Does PyPy translate itself?

Am I getting this straight? Does the PyPy interpreter actually interpret itself and then translate itself?

So here's my current understanding:

  • RPython's toolchain involves partially executing the program to be translated to get a sort of preprocessed version to annotate and translate.
  • The PyPy interpreter, running on top of CPython, executes to partially interpret itself, at which point it hands control off to its RPython half, which performs the translation?

If this is true, then this is one of the most mind-bending things I have ever seen.


Solution 1:

PyPy's translation process is actually much less conceptually recursive than it sounds.

Really all it is is a Python program that processes Python function/class/other objects (not Python source code) and outputs C code. But of course it doesn't process just any Python objects; it can only handle particular forms, which are what you get if you write your to-be-translated code in RPython.

Since the translation toolchain is a Python program, you can run it on top of any Python interpreter, which obviously includes PyPy's python interpreter. So that's nothing special.

Since it translates RPython objects, you can use it to translate PyPy's python interpreter, which is written in RPython.

But you can't run it on the translation framework itself, which is not RPython. Only PyPy's python interpreter itself is RPython.

Things only get interesting because RPython code is also Python code (but not the reverse), and because RPython doesn't ever "really exist" in source files, but only in memory inside a working Python process that necessarily includes other non-RPython code (there are no "pure-RPython" imports or function definitions, for example, because the translator operates on functions that have already been defined and imported).
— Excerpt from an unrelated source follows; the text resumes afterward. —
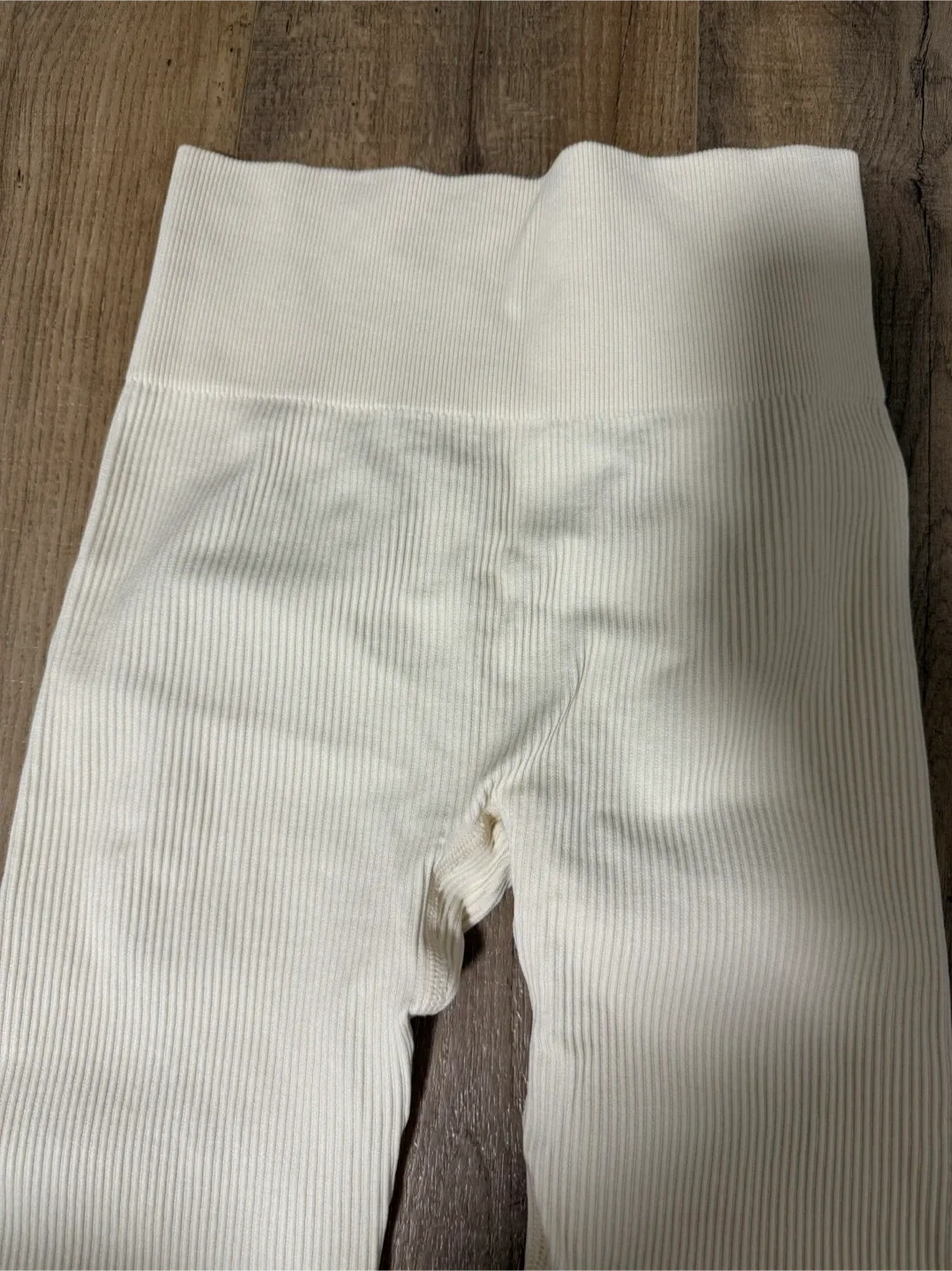 SHEIN Ribbed Cream Leggings - Size Small image indicator(3)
Remember that the translation toolchain operates on in-memory Python code objects. Python's execution model means that these don't exist before some Python code has been running. You can imagine that starting the translation process looks a bit like this, if you highly simplify it:

from my_interpreter import main
from pypy import translate

translate(main)

As we all know, just importing main is going to run lots of Python code, including all the other modules my_interpreter imports. But the translation process starts analysing the function object main; it never sees, and doesn't care about, whatever code was executed to come up with main.
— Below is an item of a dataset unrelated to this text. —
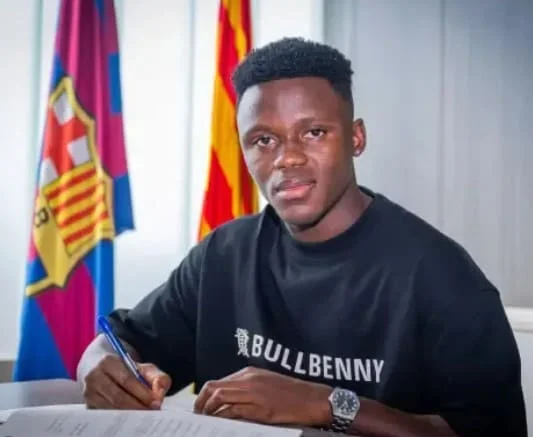 برشلونة يعلن رسمياً عن صفقة عزيز عيسى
One way to think of this is that "programming in RPython" means "writing a Python program which generates an RPython program and then feeds it to the translation process". That's relatively easy to understand and is kind of similar to how many other compilers work (e.g. one way to think of programming in C is that you are essentially writing a C pre-processor program that generates a C program, which is then fed to the C compiler).

Things only get confusing in the PyPy case because all 3 components (the Python program which generates the RPython program, the RPython program, and the translation process) are loaded into the same Python interpreter. This means it's quite possible to have functions that are RPython when called with some arguments and not when called with other arguments, to call helper functions from the translation framework as part of generating your RPython program, and lots of other weird things. So the situation gets rather blurry around the edges, and you can't necessarily divide your source lines cleanly into "RPython to be translated", "Python generating my RPython program" and "handing the RPython program over to the translation framework".
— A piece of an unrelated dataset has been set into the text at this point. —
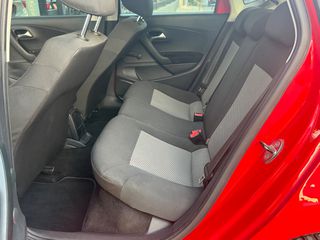 Volkswagen Polo 2012-thumb-22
The PyPy interpreter, running on top of CPython, executes to partially interpret itself

What I think you're alluding to here is PyPy's use of the the flow object space during translation, to do abstract interpretation. Even this isn't as crazy and mind-bending as it seems at first. I'm much less informed about this part of PyPy, but as I understand it:

PyPy implements all of the operations of a Python interpreter by delegating them to an "object space", which contains an implementation of all the basic built in operations. But you can plug in different object spaces to get different effects, and so long as they implement the same "object space" interface the interpreter will still be able to "execute" Python code.

The RPython code objects that the PyPy translation toolchain processes is Python code that could be executed by an interpreter. So PyPy re-uses part of their Python interpreter as part of the translation tool-chain, by plugging in the flow object space. When "executing" code with this object space, the interpreter doesn't actually carry out the operations of the code, it instead produces flow graphs, which are analogous to the sorts of intermediate representation used by many other compilers; it's just a simple machine-manipulable representation of the code, to be further processed. This is how regular (R)Python code objects get turned into the input for the rest of the translation process.

Since the usual thing that is translated with the translation process is PyPy's Python interpreter, it indeed "interprets itself" with the flow object space. But all that really means is that you have a Python program that is processing Python functions, including the ones doing the processing. In itself it isn't any more mind-bending than applying a decorator to itself, or having a wrapper-class wrap an instance of itself (or wrap the class itself).


Um, that got a bit rambly. I hope it helps, anyway, and I hope I haven't said anything inaccurate; please correct me if I have.

Solution 2:

Disclaimer: I'm not an expert on PyPy - in particular, I don't understand the details of the RPython translation, I'm only citing stuff that I've read before. For a more specific post on how RPython translation may work, check out this answer.

The answer is, yes, it can (but only after it was first compiled using CPython).

Longer description:

At first it seems highly mind bending and paradoxical, but once you understand it, it's easy. Checkout the answer on Wikipedia.

Bootstrapping in program development began during the 1950s when each program was constructed on paper in decimal code or in binary code, bit by bit (1s and 0s), because there was no high-level computer language, no compiler, no assembler, and no linker. A tiny assembler program was hand-coded for a new computer (for example the IBM 650) which converted a few instructions into binary or decimal code: A1. This simple assembler program was then rewritten in its just-defined assembly language but with extensions that would enable the use of some additional mnemonics for more complex operation codes.

The process is called software bootstrapping. Basically, you build one tool, say a C++ compiler, in a lower language which has already been made (everything at one point had to be coded from binary), say ASM. Now that you have C++ in existence, you can now code a C++ compiler in C++, then use the ASM C++ compiler to compile your new one. After you once have your new compiler compiled, you can now use it to compile itself.

So basically, make the first computer tool ever by hand coding it, use that interpreter to make another slightly better one, and use that one to make a better one, ... And eventually you get all the complex software today! :)

Another interesting case, is the CoffeeScript language, which is written in... CoffeeScript. (Although this use case still requires the use of an external interpreter, namely Node.js)

The PyPy interpreter, running on top of CPython, executes to partially interpret itself, at which point it hands control off to its RPython half, which performs the translation?

You can compile PyPy using an already compiled PyPy interpreter, or you can use CPython to compile it instead. However, since PyPy has a JIT now, it'll be faster to compile PyPy using itself, rather than CPython. (PyPy is now faster than CPython in most cases)